Securities and Exchange Commission
The Securities and Exchange Commission’s (SEC) primary guidance on entity cooperation explains that the commission evaluates four broad measures including self-policing, self-reporting of the misconduct, remediation (including dismissing or disciplining wrongdoers, and modifying and improving internal controls) and cooperation with law enforcement authorities (including providing SEC staff with all information relevant to the underlying violations and the company’s remedial efforts).
Commodity Futures Trading Commission
The Commodity Futures Trading Commission (CFTC) has issued several forms of guidance on the subject of cooperation, including recently issued guidelines for the calculation of monetary penalties. To receive credit, companies must provide cooperation to the CFTC that is ‘sincere, robustly cooperative and indicative of a willingness to accept responsibility for the misconduct, where appropriate’. A key factor is whether the company has outlined findings and relevant evidence regarding the misconduct and produced ‘full and complete reports of any internal investigations’ to the staff. These should include the identities of individual wrongdoers and culpable senior executives inside and outside of the company, and all relevant facts about individual wrongdoers, including relevant communications, documents and data.

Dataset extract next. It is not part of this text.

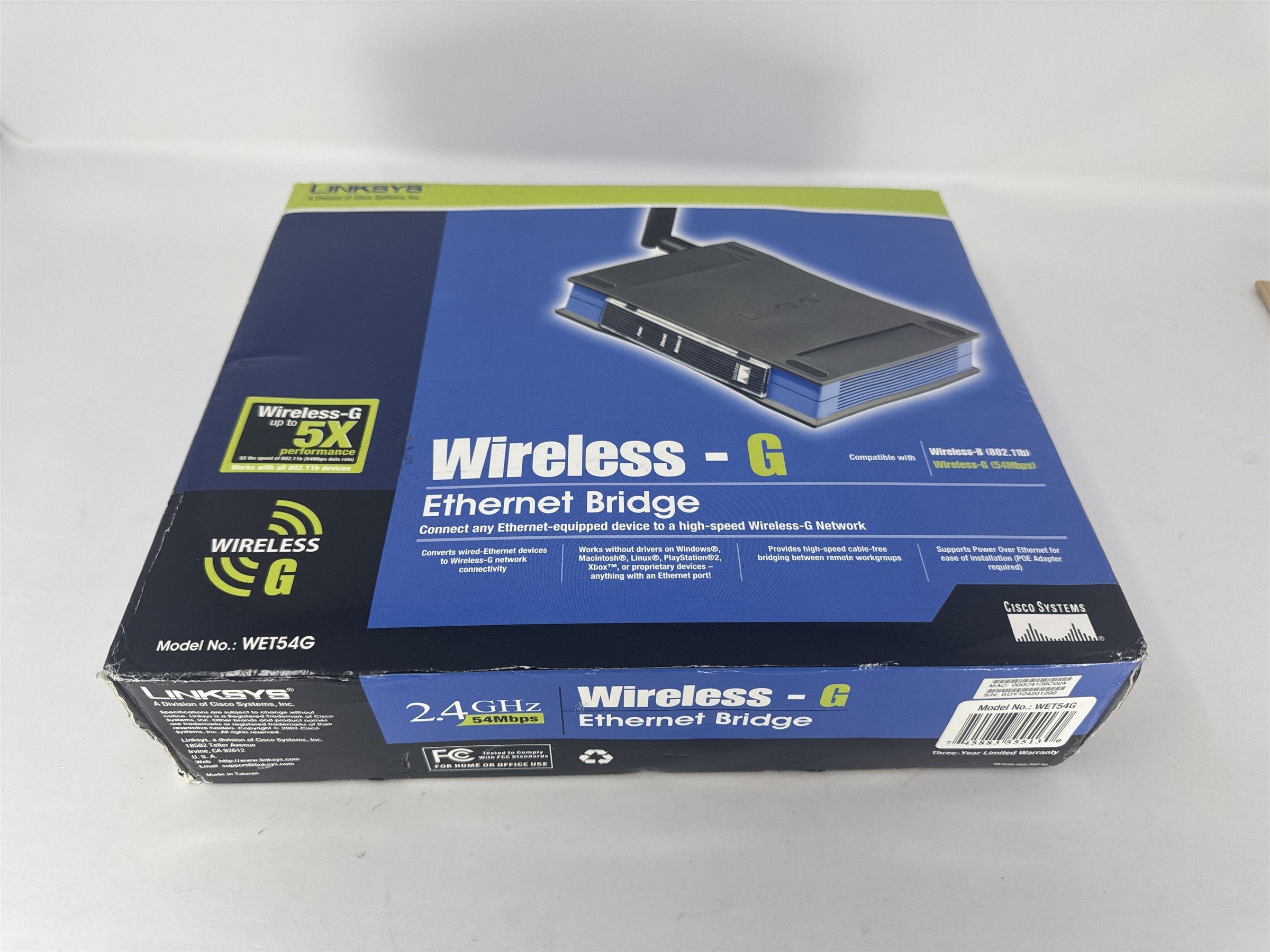 Linksys WET54G Wireless-G Ethernet Bridge 54Mbps 2.4GHz 802.11g WiFi Adapter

Also, while cooperation can be an important mitigating factor when it comes to calculating a penalty, a failure to fully cooperate potentially may be used as an aggravating factor.
US Department of Treasury, Office of Foreign Assets Control
The Office of Foreign Assets Control’s (OFAC) Enforcement Guidelines have been codified under the agency’s implementing regulations. Like other agencies, OFAC considers the ‘nature and extent’ of a company’s cooperation in determining its enforcement approach – which can range from a non-public, no action letter to steep financial penalties. OFAC does not limit the factors that it will consider in evaluating cooperation, but specifically identifies the following as critical factors:
- voluntary self-disclosure;
- provision of ‘all relevant information’;
- whether the company has conducted an investigation sufficient to identify, disclose and remediate other, similar violations;
- whether documents were provided voluntarily or in response to a subpoena;
- timeliness of responses; and
- whether the company agreed to toll the statute of limitations as to the violations at issue if requested by OFAC.
Hazards when preserving and producing documents
One of the greatest benefits of cooperation for the government is the ability to obtain relevant documents on a voluntary basis. However, the government expects cooperators to adhere to the same standards as in compelled production, including with regard to preservation and collection protocols and evaluating the legal basis for redacting or withholding documents.
When a company learns that it is subject to an investigation, one of the first steps it needs to take is to issue a litigation hold and preservation notice to stop the destruction of documents and suspend routine short-term document retention policies. Failure to do so could upend all of the hard work that a company otherwise takes to cooperate with an investigation.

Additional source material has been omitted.